Every summer, particularly mid- to late-summer, seal coats and chip seals abound throughout the state. The Idaho Transportation Department reports that the practice always prompts many questions.

Here are a few of those questions, and answers, from ITD:

The short answer is that these applications protect the financial investment taxpayers have made in the road, and protect drivers.

Is it a seal coat or chip seal, and why are we doing it?

These two processes may differ ever-so-slightly in a few minor details, but it’s mostly a difference in semantics. The principle is the same – apply a protective layer of rock chips and liquid asphalt to the surface of the road to extend the life of the roadway surface and to provide better traction for drivers.

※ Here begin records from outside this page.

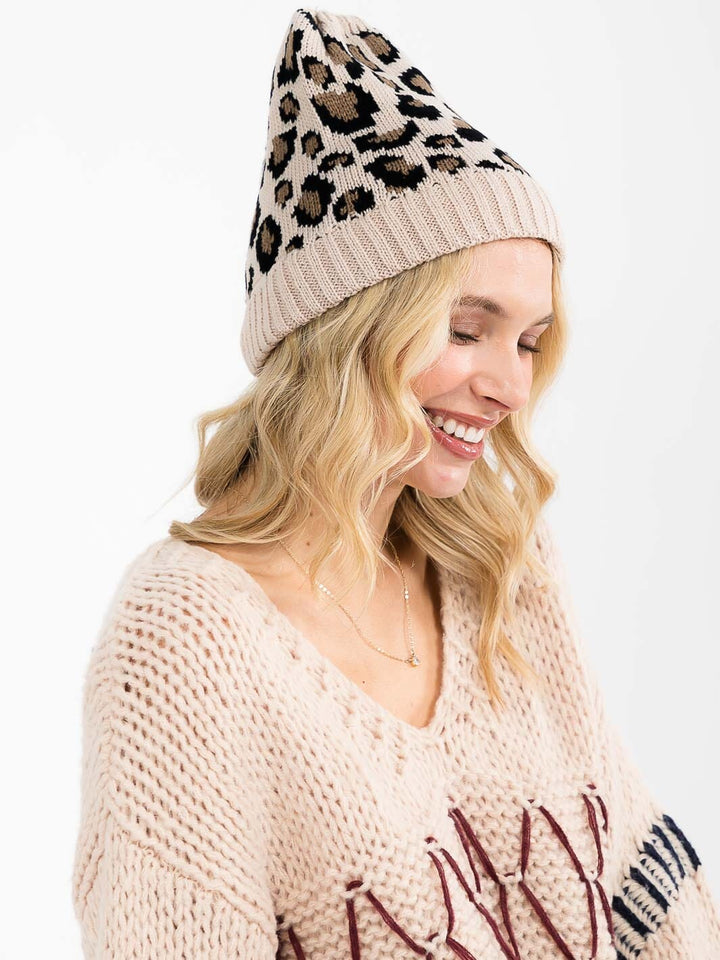 FASHION ANIMAL PRINT KNITTED PONY TAIL BEANIE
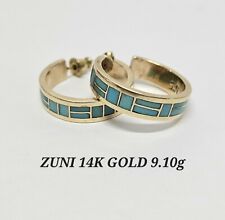 Zuni 14k Gold W/ Turquoise Inlay Hoop Earrings Sheldon & Nancy Westika Signed  picture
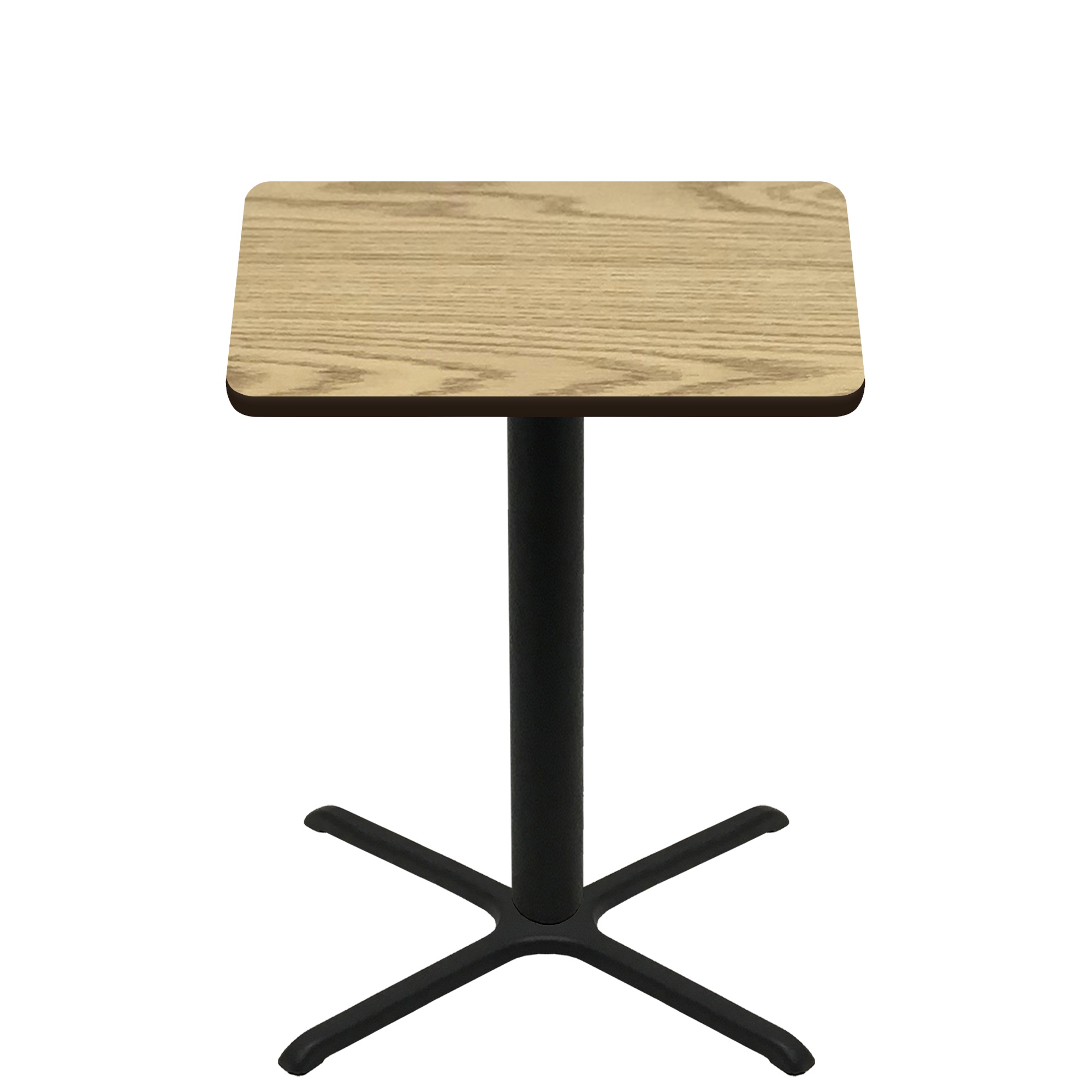 42" x 42" Two-Sided Oak/Walnut Quick Ship Table - Oak Up + Black Bar Height 36" x 36" Cross Base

The ingredients in the two applications and the functions they serve have led many people to use the terms "seal coat" and "chip seal" almost interchangeably. In fact, a hybrid has recently evolved - the "chip seal coat."

It helps to minimize oxidation of the roadway surface. Oxidation causes the surface to dry out and the “pores” to open up to moisture, said Dave Kuisti, ITD southwest Idaho engineering manager.

“During the freeze/thaw cycles, any moisture allowed into the road will expand and contract, eventually causing the surface to crack and deteriorate, which in turn leads to potholes, broken pavement and repairs. The secondary reason for a seal coat is to create a rough, traction surface for winter driving,” Kuisti said.

Seal coating begins by applying a layer of liquid asphalt, then a cover coat of rock chips on the roadway surface. The highway is rolled and traffic allowed on to the roadway to help pack the surface. Like most ITD highway projects, the work is done by a general contractor with ITD inspecting the work to ensure quality standards are met. Seal coating helps to defer the cost of repairs that would be required much sooner without the protective application.

Why do we do it, especially over the top of a new, smooth roadway?

Many homeowners are dismayed when their new, smooth, blacktop road is seal coated or chip sealed. The smooth surface is covered with tiny rocks, eliminating many barefoot jaunts to the mailbox and potentially increasing the road-rash factor for bicyclists, skateboarders or other recreationists. However, a properly applied seal coat can add several years of service to a roadway by sealing the surface against weather and wear.

It is unfortunate timing that the best time to apply the seal coat is in the heat of the summer, but the primary benefit for drivers is greater traction when the snow flies several months later.

The work is done during the day to allow heat to help asphalt and rock bond more quickly to the roadway surface, providing a higher-quality finished product.

It may not be as appealing as it once was, but seal coating or chip sealing helps to protect the longevity of the road. Without the seal coat or chip seal, the asphalt is exposed and can begin to wear away prematurely.

How can I avoid rock chips in my windshield or paint job?

Before any seal coat is final, crews "broom" or sweep the roadway surface to remove excess gravel. This is usually done multiple times overnight. In addition, following posted speed limits and increasing following distance will reduce the risk of windshield damage caused by loose gravel. Windshield damage is often attributed to the seal coat but it is frequently caused by impatient drivers going too fast, whose tires fling the rocks indiscriminately at other drivers.

Drivers are also reminded to slow down and watch for equipment and workers. In a confined work area, safety is paramount.